Loti noemt voorbeelden van de strikte rechtvaardigheid van de sultan en schroomt niet om onaantrekkelijke stadslandschappen te beschrijven. Maar zijn hart ligt bij de charme van het land. De schrijver vraagt Marokko om ‘vooruitgang’ af te wijzen en vast te houden aan tradities. Hij smeekt het land zelfs om ‘Europa de rug toe te keren’.

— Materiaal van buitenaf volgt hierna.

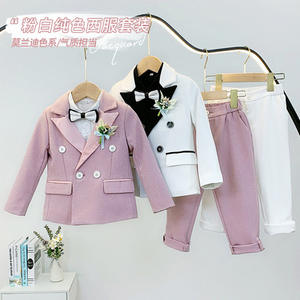 High Quality Kids <b>Suits</b> <b>Boys</b> Blazers Sets <b>Prom</b> <b>Suit</b> Kids Clothing Formal Kids <b>Suit</b> Set - Product Image 4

Was Loti gewoon een gekke romanticus die blindelings vertrouwde een verleden dat beter bij hem paste dan in zijn eigen tijd? Het antwoord hangt af van de persoon aan wie de vraag wordt gesteld. Zijn beschermheer, de ambassadeur Jules Patenôtre, nam resoluut afstand van Loti’s oproep tegen de vooruitgang van Marokko.
Oriëntalist en ‘exoot’
Loti was een excentrieke oriëntalist die belang hechte aan sensaties, instincten en impulsen, hoewel hij ook over een bewonderenswaardig talent beschikte als gekwelde en precieze waarnemer en transparante stilist. Henri Matisse bezocht Tanger tweemaal in 1912 en 1913 en schilderde daar een aantal verbazingwekkende kleurrijke schilderijen; hij plaatst Loti in een ander licht. Door ‘Au Maroc’ te lezen, zei Matisse, raakte hij vertrouwd met het landschap van Marokko. Hij waardeerde Loti’s vermogen om te beschrijven, waarvan hij de pracht pas besefte toen hij zelf het beschrevene aanschouwde. Loti was een man van romantische en ongecompliceerde beelden, ‘een dromer, maar nooit blind’.